John Donlan's lyric work seeks the connection between lives - not just the life of a coyote and the life of a man, or the peaceful cacophony of a pond in summer and the life of the human listener - but between the life before birth, and the life after. He reveals the wilderness to us moment by moment, while simultaneously driving us back into our own nature - a process readers, lifted by Donlan's imagery, rhythms, and insights, can only experience as pure pleasure.

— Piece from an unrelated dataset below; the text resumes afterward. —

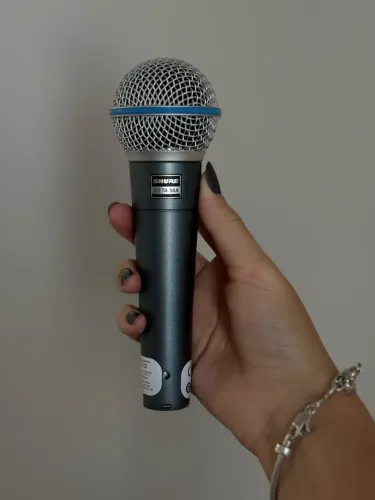 Microfone Shure Beta 58A Original - Novo Sem Uso Com Lacre XLR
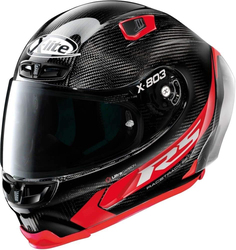 Nolan X-Lite RS Ultra Carbon 013 Hot Lap Racing Helmet, Medium, X-803, Red/Black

Here beauty is the engine that enspirits the mind, freeing us from contemporary despair and the illusion we've left nature behind.
Devil's Paintbrush
In my slow-burning archive orange hawkweed
thrives in granite-charactered soil
spalled off the basement stone,
a beaver labours up her steep skid road
logging poplar for food and shelter,
wind drives rivers of ripples down a pond.
Everything here knows what to do.
Like a bogus boiler inspector
I investigate every valve, work and rework
notes to husks, skeletal remains,
survivors who revive experience.
I try to memorize, to make some pictures
to walk into, in the final time
when I can't walk or hear or see, and see
lake-cradling pink granite, its orange earth,
its skin of lives flickering, flickering.
About the Author:
A native of Baysville, in Ontario's Muskoka region, John Donlan has previously published two highly acclaimed poetry collections: Domestic Economy (Brick, 1990, repr. 1997) and Baysville (Anansi, 1993). He is a reference librarian with the Vancouver Public Library and a poetry editor with Brick Books. He has won numerous awards, with his poems and reviews appearing in leading journals in Canada and the USA.